Chairman Eaton has spared no expense to beautify his Park. At the foot of Mount Forest Lawn is an enormous marble group called Mystery of Life, at its top an 87-ft. Tower of Legends. Over the threats and legal objections of California morticians, Forest Lawn was the first large cemetery in the U. S. to install its own mortuary. There is also an Administration Building, copied from an English manor house and full of antiques, a flower shop, a crematory where last year 16% of the dead were received and a towering $4,500,000Mausoleum-Columbarium, with a Memorial Court of Honor, Memorial Terrace, Sanctuaries of Meditation, Vespers, Benediction, Trust and Truth. For Jean Harlow, William Powell chose the Sanctuary of Benediction.

Forest Lawn’s first funeral chapel was the Little Church of the Flowers, a quarter-mile downhill from the Wee Kirk. When asked in 1923 if a marriage might be performed in the Little Church, Chairman Eaton replied, “Why not?” Since then 7,000 nuptials have taken place, to the increasing distaste of Southern California ministers, in that church and in the Wee Kirk which was built in 1929 as a copy of the Scottish church where Annie Laurie worshipped. Ginger Rogers married Lew Ayres in the Little Church of the Flowers but there have been no cinemarriages at the Wee Kirk. The latter, however, has an impressive record of interment ceremonies. It was the scene of services for Will Rogers and Marie Dressier. Prior to last week, last big film funeral at Forest Lawn was that of Irving Thalberg, whose remains were taken from B’nai B’rith Synagog for interment in a $25,000 room in the Mausoleum. Jack and Lottie Pickford are in a family room in the Mausoleum, Flo Ziegfeld and Marie Dressier in crypts. Other famed Forest Lawn dead: Lon Chaney, Wallace Reid, Rudolph Valentino, King Gillette, Senator Frank Flint, Edward L. Doheny Jr., Alexander Pantages, Guy Bates Post. Harold Lloyd, Composer Carrie Jacobs Bond and Jess Willard will lie in the Mausoleum some day.

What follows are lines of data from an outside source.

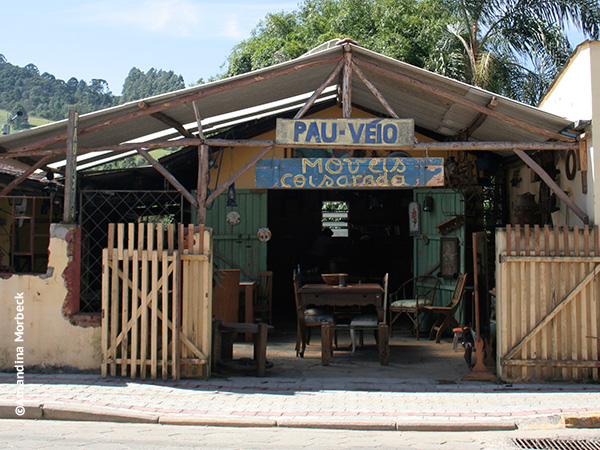 Fachada da loja Pau Véio em Gonçalves, Minas Gerais - Foto: Amandina Morbeck.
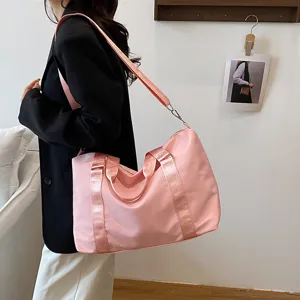 Grosse rosa Reise Sporttasche fuer Damen, stylische elegante Umhaengetasche fuer Fitness Reise.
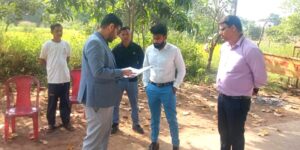 कलेक्टर श्री लंगेह धान खरीदी के पूर्व तैयारियों का जायजा लेने अंतर्राज्यीय चेक पोस्ट सिंघोड़ा एवं रेहटीखोल पहुंचे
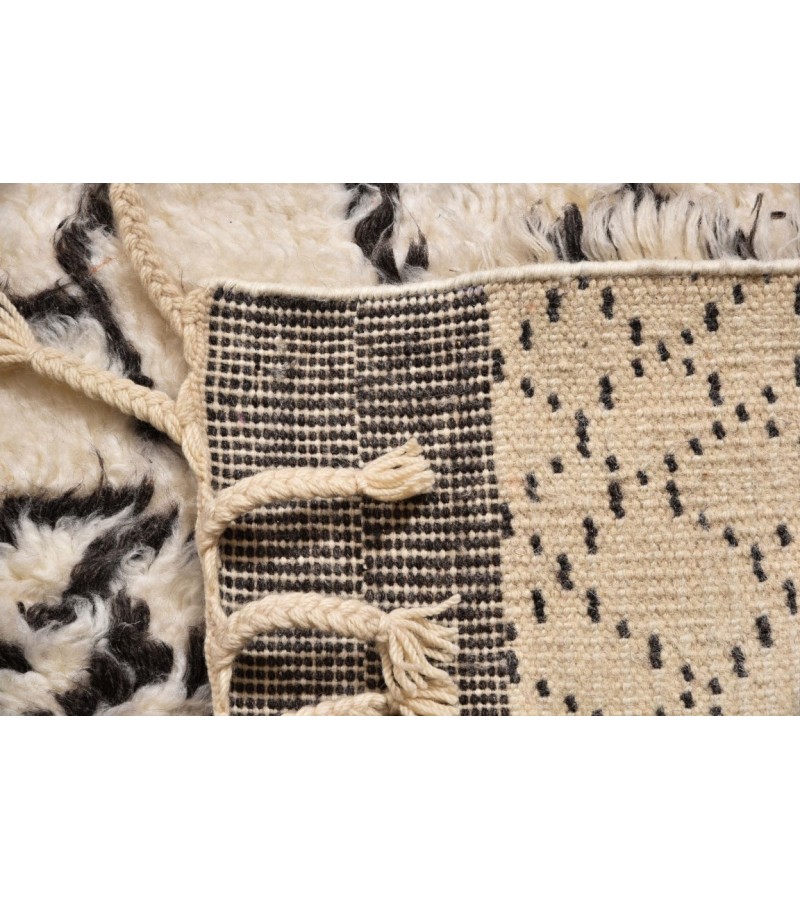 7X10 Feet . Modern Carpet, Turkish Shaggy Tulu rug ,handmade shaggy rug , Oversize Beige in Black details Colors high Pile Designer rug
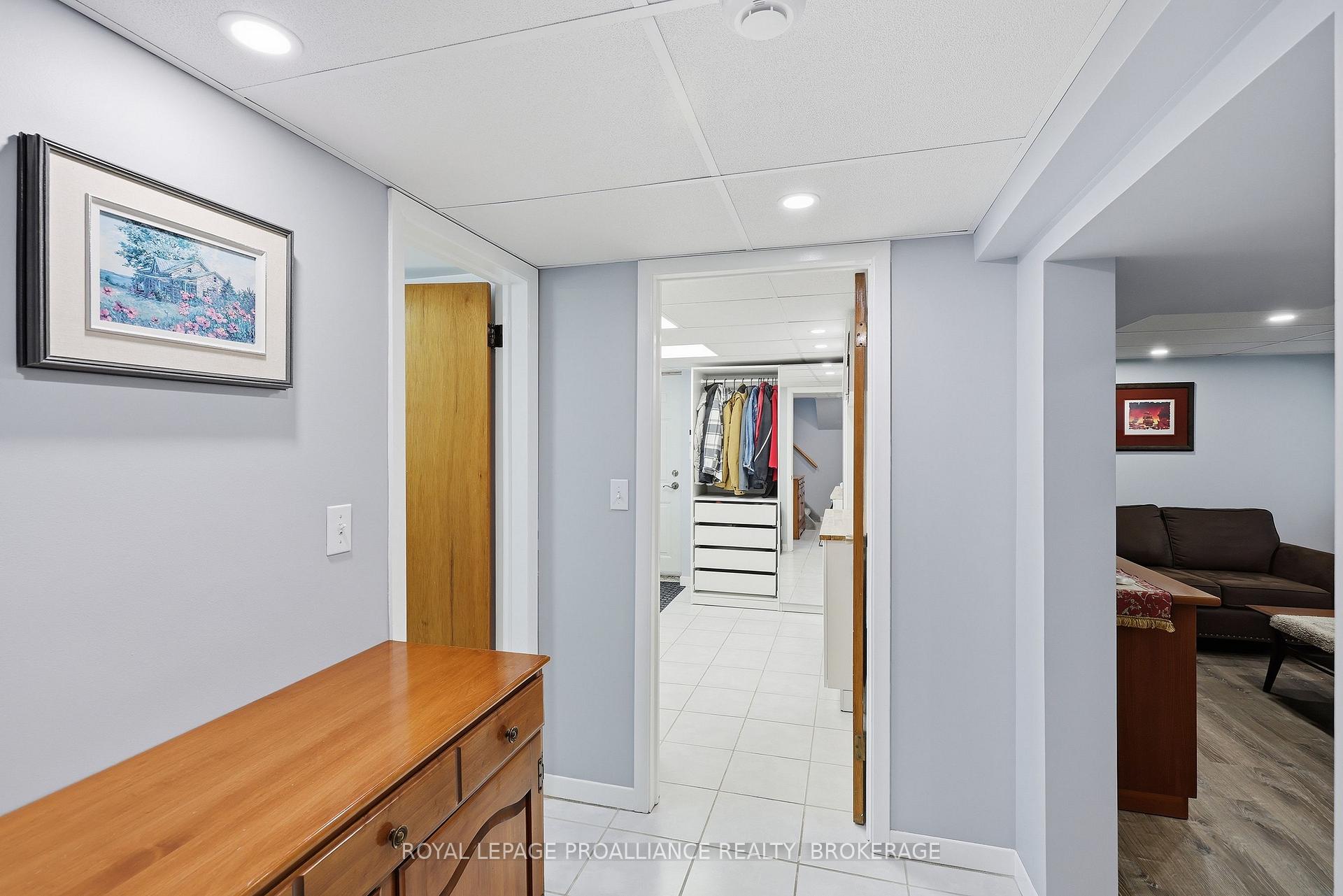 Photo 36 of 6 Byron Crescent, Kingston, Central City West — HOMEH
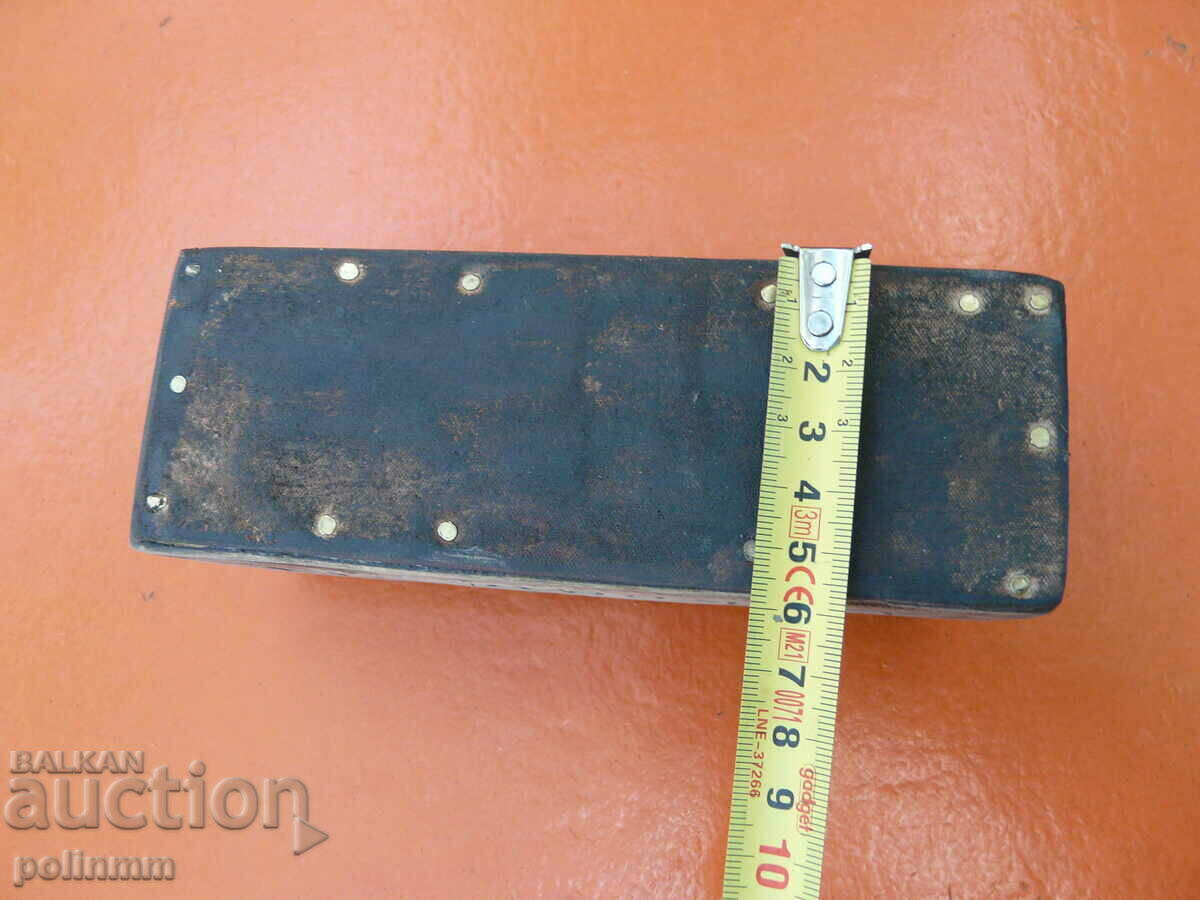 Delivery of Old barber belgium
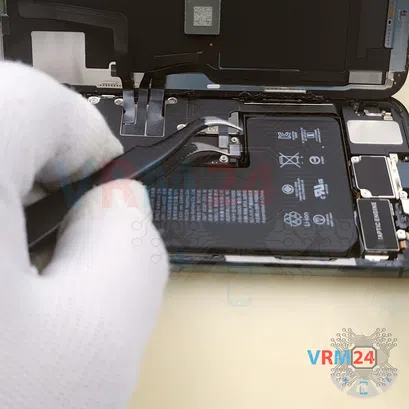 How to disassemble Apple iPhone 11 Pro, Step 5/4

*Often Miss Harlow’s leading man, Mr. Gable was working with her on Saratoga when she was stricken. One sequence in this racehorse film prophetically required Miss Harlow to be gravely examined by a physician with a stethoscope. Saratoga, announced M-G-M last week, will now be re-written to suit a “new and entirely different persona”ty.” According to Louis B. Mayer, she will be a comparatively unknown brunette from Worcester, Mass., named Rita Johnson who won recognition on Broadway this season in George M. Cohan’s Fulton of Oak Falls. Miss Johnson thereupon declined the role.